April was the month I’d hoped to complete my blog redesign. It is still in progress, and since the Reeves have a European adventure coming up I don’t think I’ll be working on it much in May, either. Which is a shame, because I can tell you that it is pretty awesome.
I’m knee-deep in my online Illustrator class, which is great but stressful.
It’s stressful because, in addition to finding time for this class, I’m also trying to find time to write, pimp my quilts, and explore all kinds of new opportunities and cool things.
And I’m trying to do all of things with a two-year-old who has all of a sudden developed separation anxiety since coming home from our DC and Lancaster adventures.
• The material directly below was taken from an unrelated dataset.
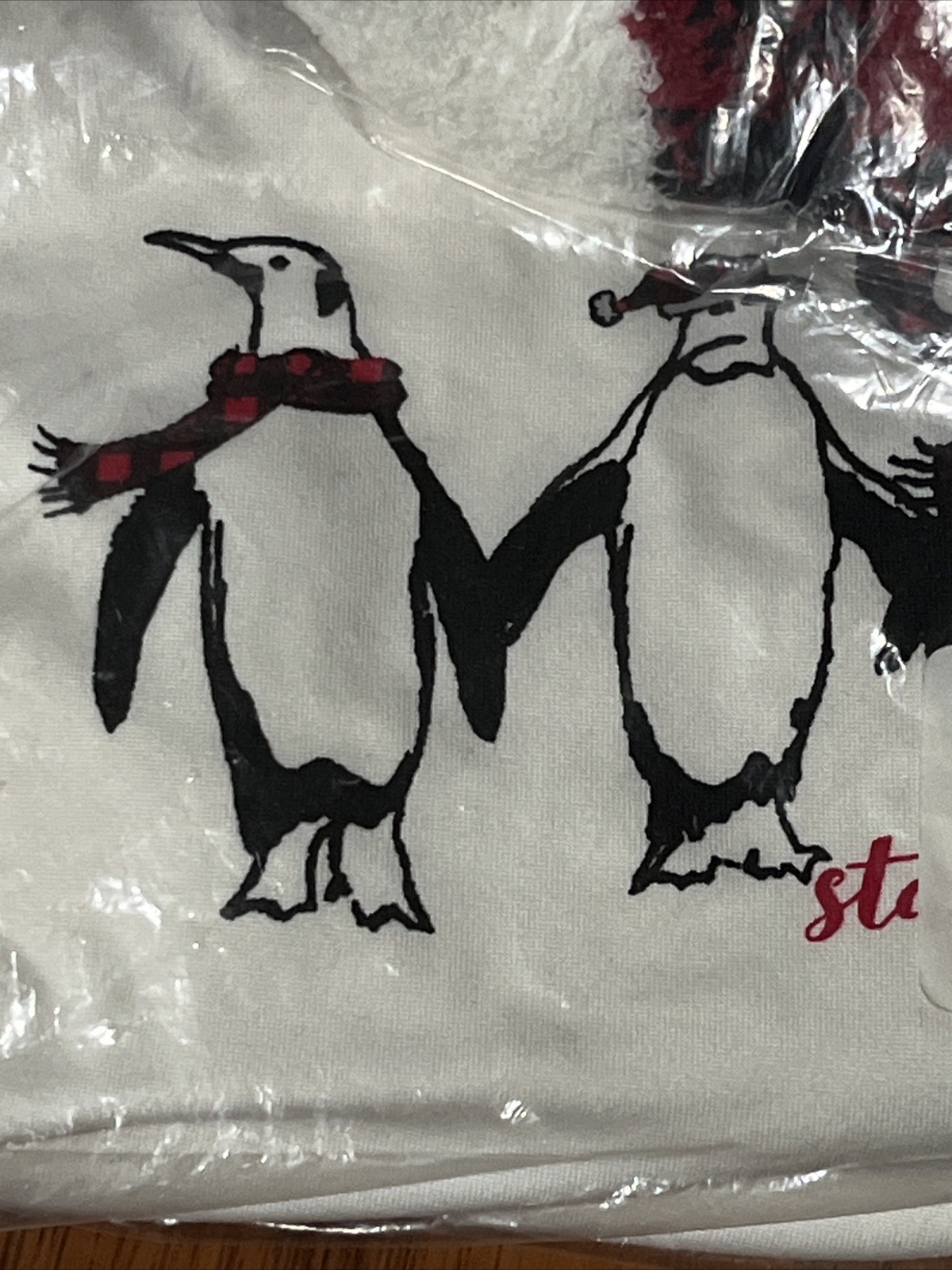 Cuddl Duds 3 Piece Pajamas Set Penguins Red and Black Plaid Socks Size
We’d avoided this entirely up till now, with a little girl who was generally perfectly content to spend time with people who were not her parents. But it’s been rearing it’s head since spring break ended.
This means a lot of the carefully planned out strategies I had been using (like my mother’s helper) to get a little work time away from the little one are currently backfiring.
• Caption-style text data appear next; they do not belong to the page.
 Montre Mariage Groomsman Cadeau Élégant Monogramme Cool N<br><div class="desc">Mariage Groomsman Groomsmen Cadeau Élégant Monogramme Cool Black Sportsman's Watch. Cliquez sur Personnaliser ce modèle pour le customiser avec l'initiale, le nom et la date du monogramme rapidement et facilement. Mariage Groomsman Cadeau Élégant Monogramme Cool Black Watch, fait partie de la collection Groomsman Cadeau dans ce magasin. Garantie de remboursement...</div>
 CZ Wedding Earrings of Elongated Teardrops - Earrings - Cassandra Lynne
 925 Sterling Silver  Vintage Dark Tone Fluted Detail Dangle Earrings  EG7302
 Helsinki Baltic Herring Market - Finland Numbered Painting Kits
I spent a tremendous amount of time last weekend working out a master schedule for myself (and, by extension, for H). I had the epiphany that my WAHM balance issues weren’t just the result of switching from an outside the home job. My outside the home job was also incredibly regimented; as a teacher my day was structured into 40 minute segments, and I had memorized a Big Picture plan for each day and what I needed to accomplish. Plus, I had lesson plans.
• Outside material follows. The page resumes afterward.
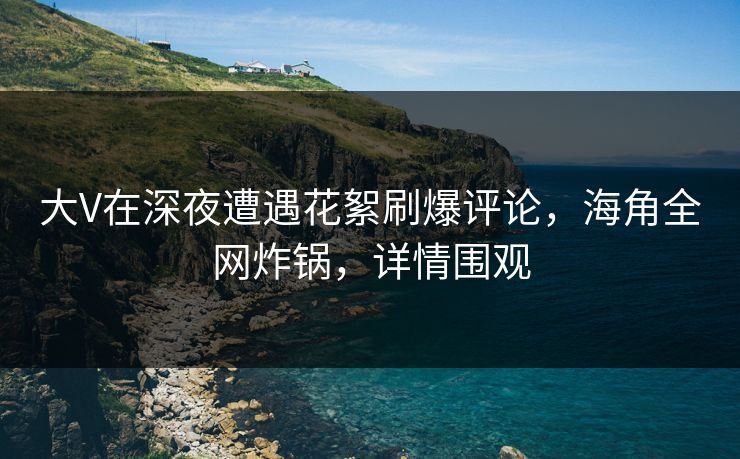 大V在深夜遭遇花絮刷爆评论，海角全网炸锅，详情围观  第1张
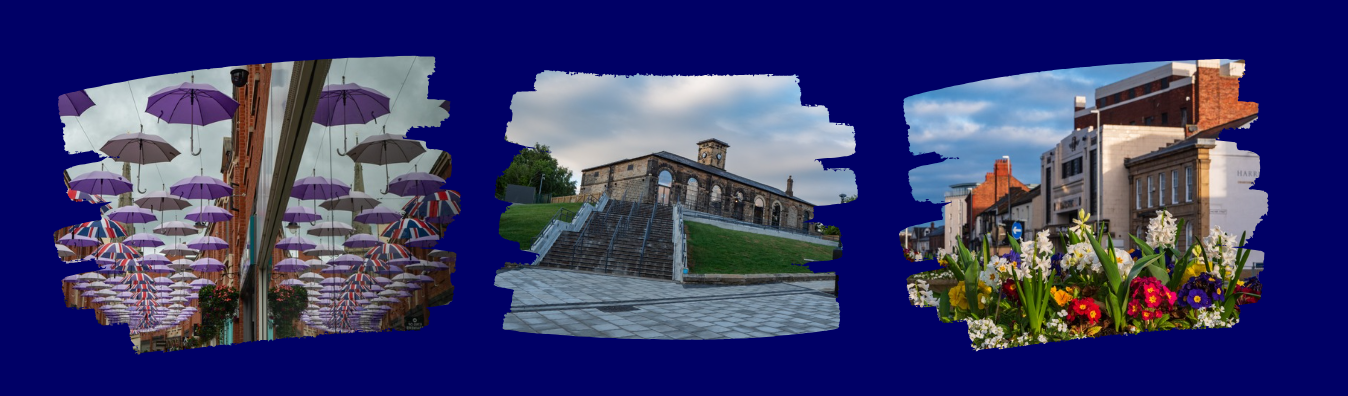 Three images on a dark blue background, these images look as if they are peeking through the dark blue background. The first image on the left is of Durham City centre. The second image in the middle is of Darlington Hopetown, the third image on the right is of Darlington.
I think if I was working in an office, I’d be having the same balance issues. So, I decided that the first step to conquering this was to have a master schedule just like I had as a teacher. And then I can work within the framework of that schedule to, essentially, create lesson plans for myself and H to be more efficient.
And I’m kind of stoked about this schedule. I carved out 30 hours a week of work time (which, by the nature of life, will also have to include some errands and chores in there). I carved out time just for H and I to do things, I scheduled workouts 4 days a week (because someone in this house has gained 7 pounds of stress-eating weight since the separation anxiety set in, and let’s just say it wasn’t the toddler). I’ve also scheduled in meals (which I forget to eat. A lot.), and some time for chores and errands (but certainly not enough).
I won’t truly be able to implement this until after we get back from Europe, but then it’s on like Donkey Kong…until H gets out of school for three and a half weeks before her summer session starts, and the schedule goes out the window. *sigh*
I misread the sentence “my WAHM balance issues” and thought you were admitting to an obsession over George Michael and Andrew Ridgeley.